Un rito, quello della “Messa del lupo”, che non scaturisce dall’attuale emergenza più volte denunciata dagli allevatori, alcuni dei quali presenti a Forno alla funzione e neppure alla creatività del Parroco, ma che risale nientemeno al 1762 e divenuto dopo duecentosessantadue anni addirittura un reato, almeno secondo quanto denunciato dall’Associazione italiana difesa animali e ambiente attiva nel milanese, che imputa al sacerdote celebrante l’istigazione all’uccisione di animali selvatici e maltrattamento di animali.

Sicuramente si tratta di una questione che interessa i cattolici credenti e praticanti e che può legittimamente lasciare indifferenti coloro che a vario titolo non frequentano chiese e luoghi di culto, ma guardando alle origini di questo rituale secolare, ripetuto anche in periodi in cui i lupi erano scomparsi, risulta invece che lo spirito della cerimonia sia sempre stato diverso da quanto ipotizzato nella denuncia e nella segnalazione al Vescovo che, almeno nell’immediato, non si è pronunciato sulla questione.

Occorre andare indietro nel tempo, alla seconda metà del XVIII secolo quando in Valstrona e pure nelle vallate circostanti i lupi erano divenuti, un po’ come oggi, una presenza diffusa e con l’esponenziale incremento del loro numero aumentarono le predazioni di capre e pecore, mentre non era infrequente assistere a incursioni di branchi addirittura nei centri abitati, generando grossi danni economici e diffusa paura nelle piccole comunità di montagna.

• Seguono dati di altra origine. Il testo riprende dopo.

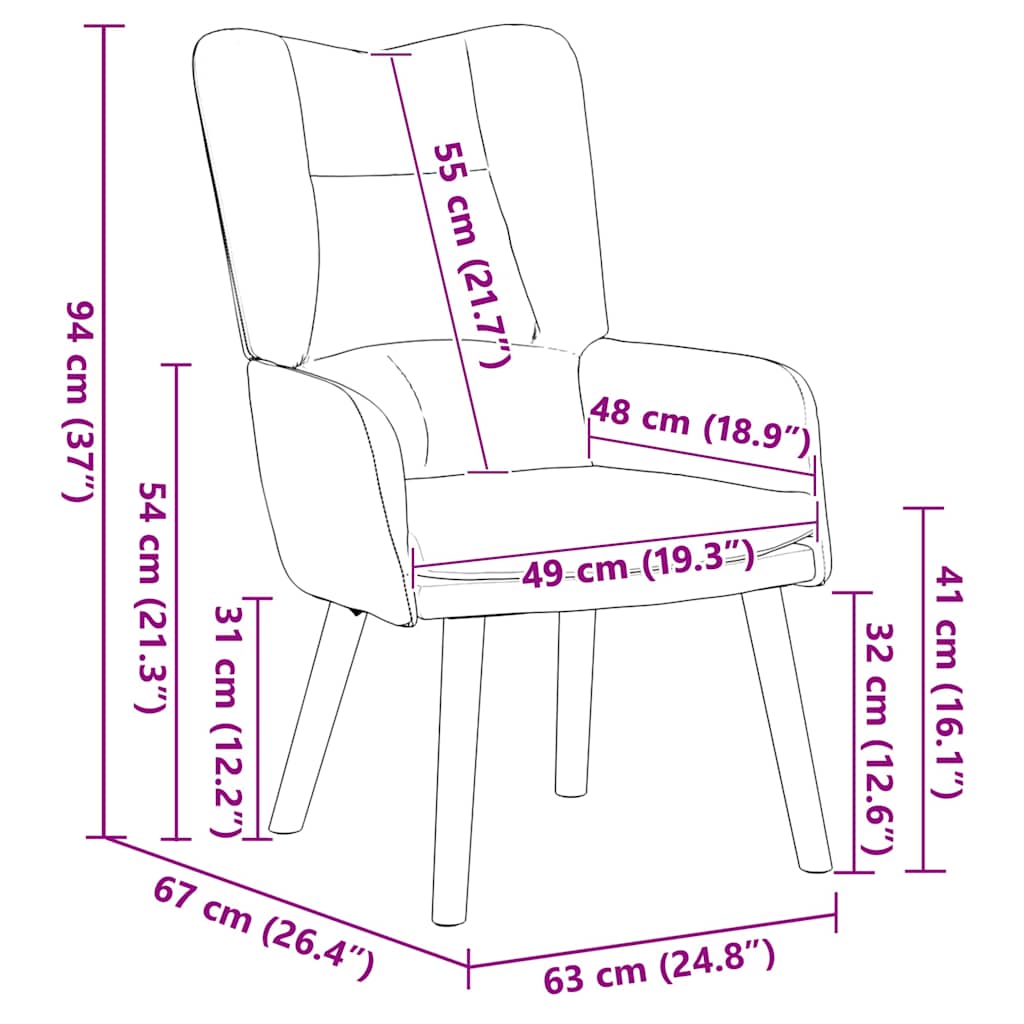Fotoliu de relaxare Gri închis 63 x 67 x 94 cm Catifea GartenMobel Dekor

Ad un secolo da quegli eventi veniva pubblicato “Memorie della Valle Strona” del sacerdote don Felice Piana, il quale in gioventù aveva avuto modo di sentire ancora da qualche diretto testimone di quando “il lupo … tante volte menò strage nelle pecore e nelle capre”, tanto che il feudatario conte Federico Borromeo autorizzò gli uomini di Forno ad armarsi per dare la caccia al predatore.

Ma la convinzione che l’uso delle armi potesse nel 1762 risolvere il problema non doveva essere molta in quel di Forno, perché invece come racconta quasi due secoli dopo nel suo “La Valstrona e Luzzogno” Celso De Giuli, “In quello stesso anno tutte le frazioni della Comunità decisero per allontanare i lupi di far celebrare una Messa annuale, detta la ‘Messa del lupo’ che ancora ora si celebra, come conferma Mons. Giulio Zolla, parroco di Forno, il quale scrive anzi che ogni frazione era obbligata a far celebrare una Messa, dando così origine alle ‘Messe del lupo’ …”.

Paradossalmente la “Messa del lupo”, oggi da qualcuno individuata come momento di potenziale istigazione all’uccisione di animali selvatici e maltrattamento di animali, è invece nata proprio in alternativa all’uso di schioppi ed archibugi in tempi di grande pericolo per uomini e greggi, segno di una certa sfiducia nel ricorso alle armi come strumento risolutivo di un problema e preferendo invece appellarsi alla Divinità, direttamente o per il tramite di un Santo.

Un Santo o anche due, visto che don Martini durante la funzione ha esposto non solo la statua e la reliquia di San Valentino, ma anche una immagine raffigurante San Francesco ed il lupo di Gubbio.